_INSTRUCTIONS TO FOLLOW_: Copy the following listing word for word.

_RECORD EXCERPTS_:
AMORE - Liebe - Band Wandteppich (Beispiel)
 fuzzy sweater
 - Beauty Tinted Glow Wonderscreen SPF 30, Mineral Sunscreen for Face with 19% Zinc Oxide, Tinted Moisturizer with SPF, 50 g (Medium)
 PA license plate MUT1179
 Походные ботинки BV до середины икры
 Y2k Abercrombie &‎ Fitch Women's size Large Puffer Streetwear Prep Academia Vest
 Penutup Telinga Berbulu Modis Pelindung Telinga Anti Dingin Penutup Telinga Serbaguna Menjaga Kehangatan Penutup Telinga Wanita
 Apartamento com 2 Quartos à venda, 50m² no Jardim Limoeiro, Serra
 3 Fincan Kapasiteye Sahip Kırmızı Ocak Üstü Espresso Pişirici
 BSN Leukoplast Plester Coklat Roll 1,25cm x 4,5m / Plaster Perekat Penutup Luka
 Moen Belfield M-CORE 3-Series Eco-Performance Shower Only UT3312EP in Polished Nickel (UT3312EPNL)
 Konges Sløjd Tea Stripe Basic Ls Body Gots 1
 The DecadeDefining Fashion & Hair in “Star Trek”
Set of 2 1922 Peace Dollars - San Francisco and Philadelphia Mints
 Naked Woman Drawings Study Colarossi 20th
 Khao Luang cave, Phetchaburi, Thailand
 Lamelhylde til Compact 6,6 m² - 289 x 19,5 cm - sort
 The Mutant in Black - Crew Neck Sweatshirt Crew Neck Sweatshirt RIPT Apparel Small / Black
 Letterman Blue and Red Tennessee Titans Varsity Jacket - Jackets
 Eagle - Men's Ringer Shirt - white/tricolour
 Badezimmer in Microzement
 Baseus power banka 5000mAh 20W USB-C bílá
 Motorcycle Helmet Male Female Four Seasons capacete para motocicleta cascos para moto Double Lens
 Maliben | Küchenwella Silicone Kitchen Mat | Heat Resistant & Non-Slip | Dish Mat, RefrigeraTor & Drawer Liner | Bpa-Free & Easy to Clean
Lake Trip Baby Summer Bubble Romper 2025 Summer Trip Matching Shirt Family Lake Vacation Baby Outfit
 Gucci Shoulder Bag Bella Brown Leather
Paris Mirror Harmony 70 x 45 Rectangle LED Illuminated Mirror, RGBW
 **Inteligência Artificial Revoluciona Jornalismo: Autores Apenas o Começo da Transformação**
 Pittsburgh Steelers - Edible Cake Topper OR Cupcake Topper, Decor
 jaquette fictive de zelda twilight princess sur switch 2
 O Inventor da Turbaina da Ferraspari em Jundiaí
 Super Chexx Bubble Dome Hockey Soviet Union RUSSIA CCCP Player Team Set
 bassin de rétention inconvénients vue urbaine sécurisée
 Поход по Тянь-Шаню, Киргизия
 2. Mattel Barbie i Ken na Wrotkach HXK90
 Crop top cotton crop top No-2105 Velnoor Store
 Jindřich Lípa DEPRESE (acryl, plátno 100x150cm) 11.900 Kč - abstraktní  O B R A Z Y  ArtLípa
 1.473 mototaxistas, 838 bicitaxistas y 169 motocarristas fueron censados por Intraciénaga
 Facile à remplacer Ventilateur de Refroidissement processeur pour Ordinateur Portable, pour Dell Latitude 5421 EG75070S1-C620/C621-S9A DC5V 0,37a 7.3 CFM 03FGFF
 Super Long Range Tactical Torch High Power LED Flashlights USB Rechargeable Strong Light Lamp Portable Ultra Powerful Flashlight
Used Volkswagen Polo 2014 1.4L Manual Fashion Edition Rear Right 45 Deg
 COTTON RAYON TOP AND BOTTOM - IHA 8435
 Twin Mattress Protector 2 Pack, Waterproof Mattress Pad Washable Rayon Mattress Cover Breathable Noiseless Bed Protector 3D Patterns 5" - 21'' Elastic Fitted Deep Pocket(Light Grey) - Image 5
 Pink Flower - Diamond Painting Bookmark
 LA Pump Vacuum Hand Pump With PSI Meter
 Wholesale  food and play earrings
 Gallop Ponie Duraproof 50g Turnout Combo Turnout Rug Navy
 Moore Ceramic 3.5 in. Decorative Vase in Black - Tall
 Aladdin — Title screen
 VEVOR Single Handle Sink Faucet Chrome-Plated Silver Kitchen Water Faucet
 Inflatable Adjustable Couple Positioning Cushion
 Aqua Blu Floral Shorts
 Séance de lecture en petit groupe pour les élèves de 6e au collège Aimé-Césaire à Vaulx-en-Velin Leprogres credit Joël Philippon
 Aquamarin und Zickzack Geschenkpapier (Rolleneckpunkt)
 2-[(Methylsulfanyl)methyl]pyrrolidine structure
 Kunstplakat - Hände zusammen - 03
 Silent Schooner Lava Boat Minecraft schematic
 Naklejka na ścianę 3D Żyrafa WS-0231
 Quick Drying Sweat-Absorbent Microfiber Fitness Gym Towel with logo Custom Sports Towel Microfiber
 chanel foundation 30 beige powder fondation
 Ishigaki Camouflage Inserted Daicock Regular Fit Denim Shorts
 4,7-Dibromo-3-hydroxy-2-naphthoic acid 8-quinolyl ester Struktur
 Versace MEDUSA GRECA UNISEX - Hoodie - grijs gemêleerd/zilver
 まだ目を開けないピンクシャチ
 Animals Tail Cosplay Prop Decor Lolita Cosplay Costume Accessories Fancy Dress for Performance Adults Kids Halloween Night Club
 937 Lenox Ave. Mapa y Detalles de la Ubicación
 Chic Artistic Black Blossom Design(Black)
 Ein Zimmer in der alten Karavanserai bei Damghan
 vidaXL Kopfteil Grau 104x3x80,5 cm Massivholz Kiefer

_OUTPUT OF THE TASK_:
AMORE - Liebe - Band Wandteppich (Beispiel)
 fuzzy sweater
 - Beauty Tinted Glow Wonderscreen SPF 30, Mineral Sunscreen for Face with 19% Zinc Oxide, Tinted Moisturizer with SPF, 50 g (Medium)
 PA license plate MUT1179
 Походные ботинки BV до середины икры
 Y2k Abercrombie &‎ Fitch Women's size Large Puffer Streetwear Prep Academia Vest
 Penutup Telinga Berbulu Modis Pelindung Telinga Anti Dingin Penutup Telinga Serbaguna Menjaga Kehangatan Penutup Telinga Wanita
 Apartamento com 2 Quartos à venda, 50m² no Jardim Limoeiro, Serra
 3 Fincan Kapasiteye Sahip Kırmızı Ocak Üstü Espresso Pişirici
 BSN Leukoplast Plester Coklat Roll 1,25cm x 4,5m / Plaster Perekat Penutup Luka
 Moen Belfield M-CORE 3-Series Eco-Performance Shower Only UT3312EP in Polished Nickel (UT3312EPNL)
 Konges Sløjd Tea Stripe Basic Ls Body Gots 1
 The DecadeDefining Fashion & Hair in “Star Trek”
Set of 2 1922 Peace Dollars - San Francisco and Philadelphia Mints
 Naked Woman Drawings Study Colarossi 20th
 Khao Luang cave, Phetchaburi, Thailand
 Lamelhylde til Compact 6,6 m² - 289 x 19,5 cm - sort
 The Mutant in Black - Crew Neck Sweatshirt Crew Neck Sweatshirt RIPT Apparel Small / Black
 Letterman Blue and Red Tennessee Titans Varsity Jacket - Jackets
 Eagle - Men's Ringer Shirt - white/tricolour
 Badezimmer in Microzement
 Baseus power banka 5000mAh 20W USB-C bílá
 Motorcycle Helmet Male Female Four Seasons capacete para motocicleta cascos para moto Double Lens
 Maliben | Küchenwella Silicone Kitchen Mat | Heat Resistant & Non-Slip | Dish Mat, RefrigeraTor & Drawer Liner | Bpa-Free & Easy to Clean
Lake Trip Baby Summer Bubble Romper 2025 Summer Trip Matching Shirt Family Lake Vacation Baby Outfit
 Gucci Shoulder Bag Bella Brown Leather
Paris Mirror Harmony 70 x 45 Rectangle LED Illuminated Mirror, RGBW
 **Inteligência Artificial Revoluciona Jornalismo: Autores Apenas o Começo da Transformação**
 Pittsburgh Steelers - Edible Cake Topper OR Cupcake Topper, Decor
 jaquette fictive de zelda twilight princess sur switch 2
 O Inventor da Turbaina da Ferraspari em Jundiaí
 Super Chexx Bubble Dome Hockey Soviet Union RUSSIA CCCP Player Team Set
 bassin de rétention inconvénients vue urbaine sécurisée
 Поход по Тянь-Шаню, Киргизия
 2. Mattel Barbie i Ken na Wrotkach HXK90
 Crop top cotton crop top No-2105 Velnoor Store
 Jindřich Lípa DEPRESE (acryl, plátno 100x150cm) 11.900 Kč - abstraktní  O B R A Z Y  ArtLípa
 1.473 mototaxistas, 838 bicitaxistas y 169 motocarristas fueron censados por Intraciénaga
 Facile à remplacer Ventilateur de Refroidissement processeur pour Ordinateur Portable, pour Dell Latitude 5421 EG75070S1-C620/C621-S9A DC5V 0,37a 7.3 CFM 03FGFF
 Super Long Range Tactical Torch High Power LED Flashlights USB Rechargeable Strong Light Lamp Portable Ultra Powerful Flashlight
Used Volkswagen Polo 2014 1.4L Manual Fashion Edition Rear Right 45 Deg
 COTTON RAYON TOP AND BOTTOM - IHA 8435
 Twin Mattress Protector 2 Pack, Waterproof Mattress Pad Washable Rayon Mattress Cover Breathable Noiseless Bed Protector 3D Patterns 5" - 21'' Elastic Fitted Deep Pocket(Light Grey) - Image 5
 Pink Flower - Diamond Painting Bookmark
 LA Pump Vacuum Hand Pump With PSI Meter
 Wholesale  food and play earrings
 Gallop Ponie Duraproof 50g Turnout Combo Turnout Rug Navy
 Moore Ceramic 3.5 in. Decorative Vase in Black - Tall
 Aladdin — Title screen
 VEVOR Single Handle Sink Faucet Chrome-Plated Silver Kitchen Water Faucet
 Inflatable Adjustable Couple Positioning Cushion
 Aqua Blu Floral Shorts
 Séance de lecture en petit groupe pour les élèves de 6e au collège Aimé-Césaire à Vaulx-en-Velin Leprogres credit Joël Philippon
 Aquamarin und Zickzack Geschenkpapier (Rolleneckpunkt)
 2-[(Methylsulfanyl)methyl]pyrrolidine structure
 Kunstplakat - Hände zusammen - 03
 Silent Schooner Lava Boat Minecraft schematic
 Naklejka na ścianę 3D Żyrafa WS-0231
 Quick Drying Sweat-Absorbent Microfiber Fitness Gym Towel with logo Custom Sports Towel Microfiber
 chanel foundation 30 beige powder fondation
 Ishigaki Camouflage Inserted Daicock Regular Fit Denim Shorts
 4,7-Dibromo-3-hydroxy-2-naphthoic acid 8-quinolyl ester Struktur
 Versace MEDUSA GRECA UNISEX - Hoodie - grijs gemêleerd/zilver
 まだ目を開けないピンクシャチ
 Animals Tail Cosplay Prop Decor Lolita Cosplay Costume Accessories Fancy Dress for Performance Adults Kids Halloween Night Club
 937 Lenox Ave. Mapa y Detalles de la Ubicación
 Chic Artistic Black Blossom Design(Black)
 Ein Zimmer in der alten Karavanserai bei Damghan
 vidaXL Kopfteil Grau 104x3x80,5 cm Massivholz Kiefer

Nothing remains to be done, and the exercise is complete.